Starting from the "compact" representation $$ x = c_2 2! + c_3 3! + \cdots + c_n n! $$ you can decide to downgrade either none, or one, or two, .., or or all the $c_n$ terms in $n!$ down to $n \cdot (n-1)!$.
The choices you have are $$ \sum\limits_{0\, \le \,k_{\,n} \, \le \,c_{\,n} } {1 } = c_{n } + 1 $$
That will make $c_{n-1}$ to become $c_{n-1},\;c_{n-1}+n,\;c_{n-1}+2n,\;\cdots,c_{n-1}+c_{n}n,\;$.

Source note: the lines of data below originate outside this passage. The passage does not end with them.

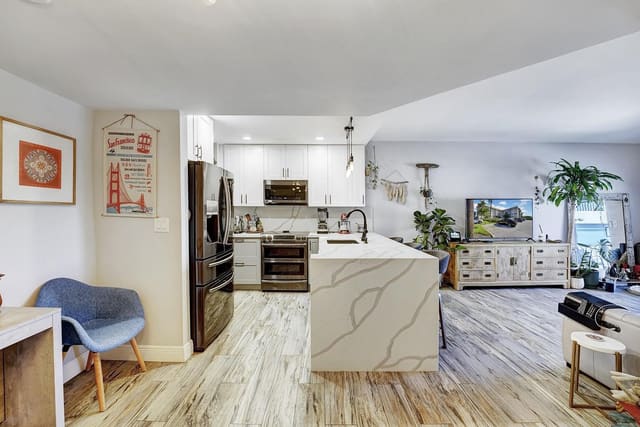 290 W Palmetto Park Road 411, sold in Boca Palms, Boca Raton, FL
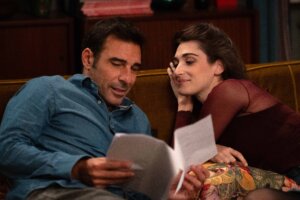 Madly Image01 FE024461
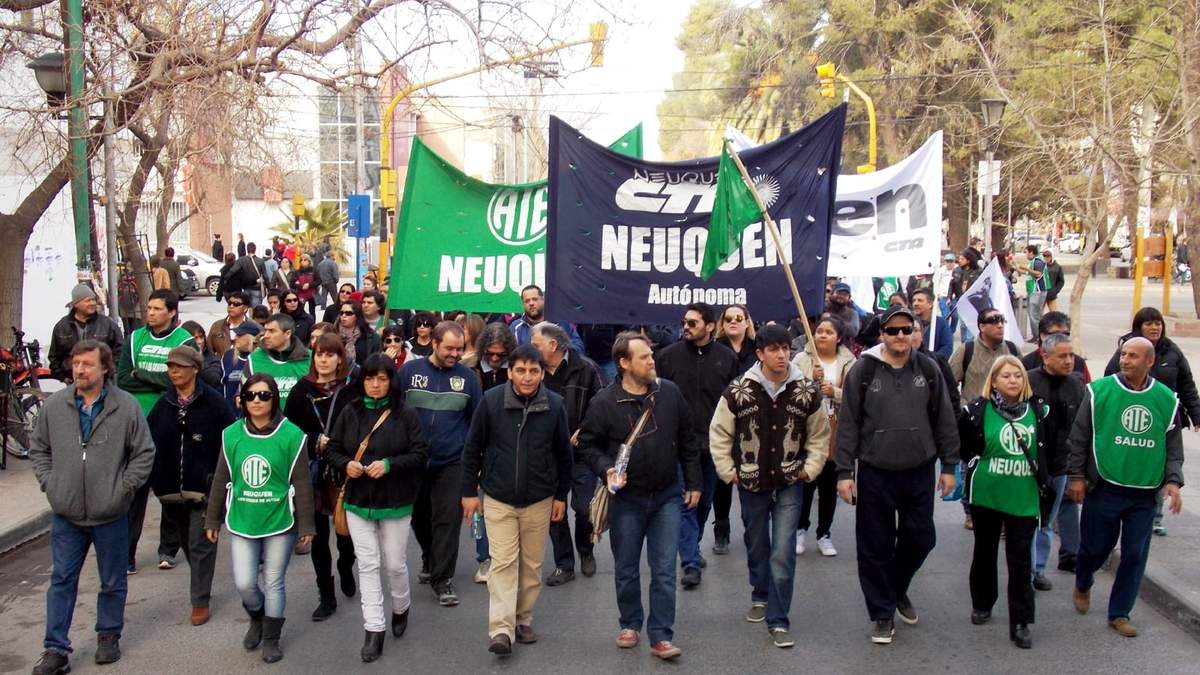 Representantes de la ATE en una marcha. Fuente: (Twitter)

Then in turn, for each of the $c_{n-1}+k_{n} n$ you can decide to downgrade none, or one, or two.. Now, the total of choices becomes $$ \eqalign{ & \sum\limits_{0\, \le \,k_{\,n} \, \le \,c_{\,n} } {\sum\limits_{0\, \le \,k_{\,n - 1} \, \le \,c_{\,n - 1} + k_{\,n} n} 1 } = \sum\limits_{0\, \le \,k_{\,n} \, \le \,c_{\,n} } {\,c_{\,n - 1} + 1 + k_{\,n} n} = \cr & = \left( {c_{\,n - 1} + 1} \right)\left( {c_n + 1} \right) + \left( \matrix{ c_n + 1 \cr 2 \cr} \right)n \cr} $$
At the next step we will have $$ \eqalign{ & \sum\limits_{0\, \le \,k_{\,n} \, \le \,c_{\,n} } {\sum\limits_{0\, \le \,k_{\,n - 1} \, \le \,c_{\,n - 1} + k_{\,n} n} {\sum\limits_{0\, \le \,k_{\,n - 2} \, \le \,c_{\,n - 2} + k_{\,n - 1} \left( {n - 1} \right)} 1 } } = \cr & = \sum\limits_{0\, \le \,k_{\,n} \, \le \,c_{\,n} } {\sum\limits_{0\, \le \,k_{\,n - 1} \, \le \,c_{\,n - 1} + k_{\,n} n} {c_{\,n - 2} + 1 + k_{\,n - 1} \left( {n - 1} \right)} } = \cr & = \sum\limits_{0\, \le \,k_{\,n} \, \le \,c_{\,n} } {\left( {c_{\,n - 2} + 1} \right)\left( \matrix{ c_{\,n - 1} + k_{\,n} n + 1 \cr 1 \cr} \right) + \left( {n - 1} \right)\left( \matrix{ c_{\,n - 1} + k_{\,n} n + 1 \cr 2 \cr} \right)} \cr} $$ which does not look that may lead to a closed form.